Experiences of migrant students and university workers (those on visas, refugees, asylum seekers, and undocumented) activism related to resisting and challenging internal border regime and surveillance on and off campus, in addition to how universities are funding prison, military and border infrastructures at home and globally.
Interventions against neoliberalism, extractivist structures and workplace exploitation from migrant academic staff and students within satellite campuses abroad (i.e. NYU in Dubai, University of Nottingham in China, etc).
Auto-ethnographic accounts from migrant students and university workers engaged in activism and movements on and off campus around issues related to the university. This section is interested in exploring, for example, migrant students and university staff involved in university strikes for better working conditions and/or activism related to those inside the university. Contributions can also include any of the following: anti-colonial, anti-capitalist and critical anti-racist resistance, in addition to resistance against fascist incursions on campus and creating linkages with other migrant workers and precarious migrants on and off campus, also challenging how the university exploits precarious immigration status.
Migrant students challenging neoliberal discourses and policies related to university programmes on decolonisation, inclusion and diversity. Can we decolonise a university when the university itself is a place of border imperialism and border enforcement? What would a decolonised university look like from the perspective of migrant students and migrant university workers?
The particular challenges of organising as migrant students and migrant university staff and workers within higher education and ways in which solidarity can be forged between local and migrant students and university staff in addition to all migrants studying and working in higher education, from cleaners to lecturers.
Exploring how the immigration system impacts upon the changing landscape of which migrants have access to study abroad. This section should expound upon class, race, and disability in relation to the kinds of students universities are eager to acquire and exploit within the system.

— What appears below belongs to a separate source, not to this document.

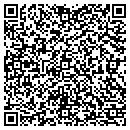 QR code with Calvary Rescue Mission contacts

Activism in resistance to various forms of surveillance mechanisms employed to monitor both migrant students and university staff attendance within higher education for immigration monitoring purposes.
Please send a 500-word abstract and brief biography to firstname.lastname@example.org by Friday 7th July 2023.
About the convenor: Sanaz Raji is an Independent Social Research Foundation (ISRF) fellow at Northumbria University exploring the nexus between immigration and marketised higher education in the UK. She is also the founder and primary caseworker at Unis Resist Border Controls (URBC), a national campaign launched in March 2016 that works to end the hostile environment and border controls in UK higher education. Her work has been featured in The Guardian, Red Pepper Magazine, The Canary, LeftEast in addition to academic journals and edited books.